34 ans après - plongée dans mes anciens diarii (ce que j'en écrivis)

 

    J'ai donc mis à profit ce jour férié passé sans sortir à soigner un rhume qui me gêne depuis vendredi passé pour m'accorder une plongée dans mes diarii des années 1984 et 1985. 

Comme je m'y attendais, j'y parle fort peu de cette affaire, comme de l'actualité. Je sais que je suivais ce qui se passait dans le monde mais ça faisait plutôt l'objet d'articles découpés que d'entrée dans mon journal, qui la plupart du temps est principalement un carnet de bord. J'y jette quelques notes en aide-mémoire, vite fait, horaires de trains, notes aux examens, dépenses. 

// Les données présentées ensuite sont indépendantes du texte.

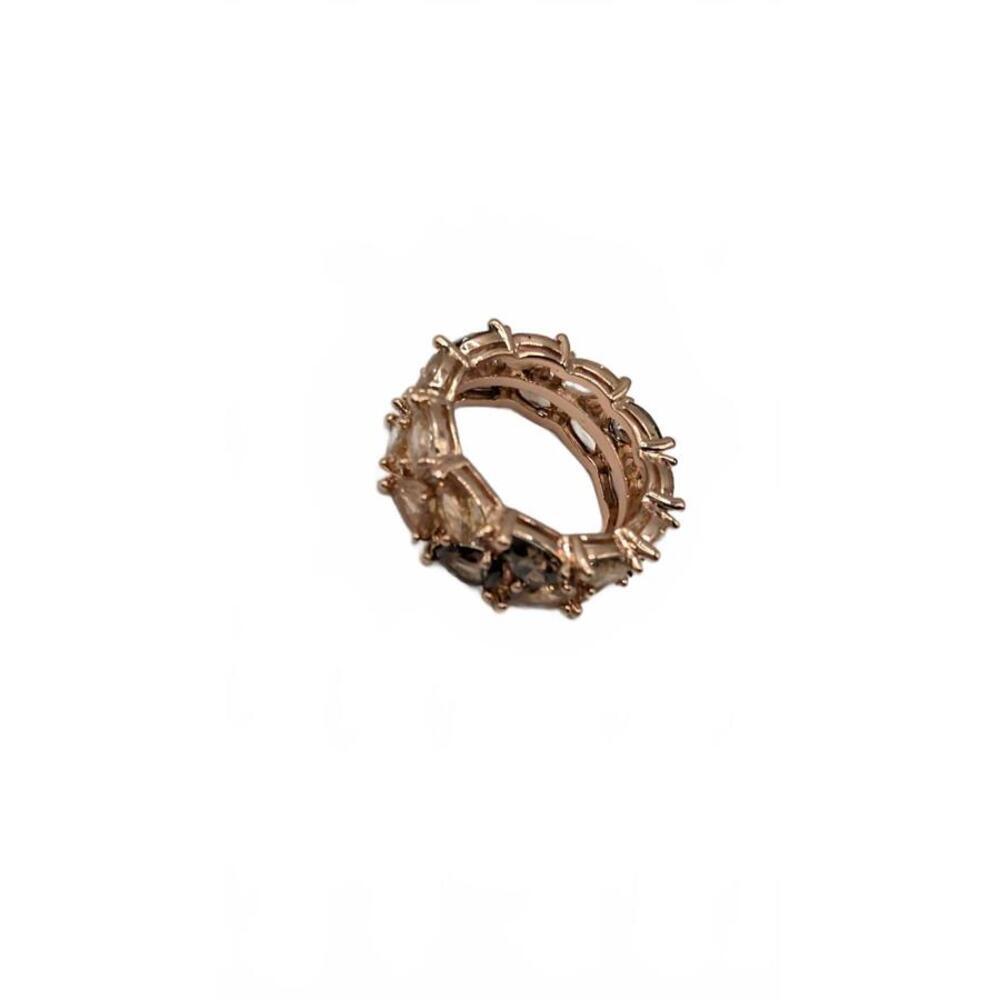 Elegant Rose Gold plated Multi-Stone Ring Size 7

Chaque fois que je suis amenée à les consulter, mes agendas - journaux des années d'étudiants, je suis frappée d'à quel point nous ne faisions presque que travailler et combien le manque d'argent, le budget serré et de tenter de mener une vie cependant pas trop étriquée, nous limitait. Je faisais déjà pas mal de sport, plus que dans mon souvenir. Du footing assez régulièrement - alors que je n'avais le souvenir que de tentatives peu glorieuses au Parc de Sceaux -. Les entrées quotidiennes de ces deux années sont avant tout marquées par les éléments d'études ou de travail, l'importance de nos familles et la grande importance pour moi de l'amitié. Et puis quand même pas mal d'états d'âmes amoureux. Il faut bien des efforts pour devenir un couple, j'en avais perdu le souvenir. Mal remise d'un chagrin antérieur je devais être assez pénible. Et le garçon était visiblement trop jeune pour se fixer. Seulement en ce temps-là nous étions considérés comme adultes dès 18 ans, quand bien même encore étudiants et seulement en chemin vers l'indépendance financière, ce qui nous canalisait sans doute vers des comportements responsables. Bien des passages sont inévitablement très nombrilistes, j'y jette mes doutes, mes interrogations, mes peines, nos moments de grand amour, et un solide désespoir quant à mon avenir, qui finalement fut loin d'être aussi morne et gris que je le craignais (et ça n'est pas fini). Je suis d'une fracassante lucidité.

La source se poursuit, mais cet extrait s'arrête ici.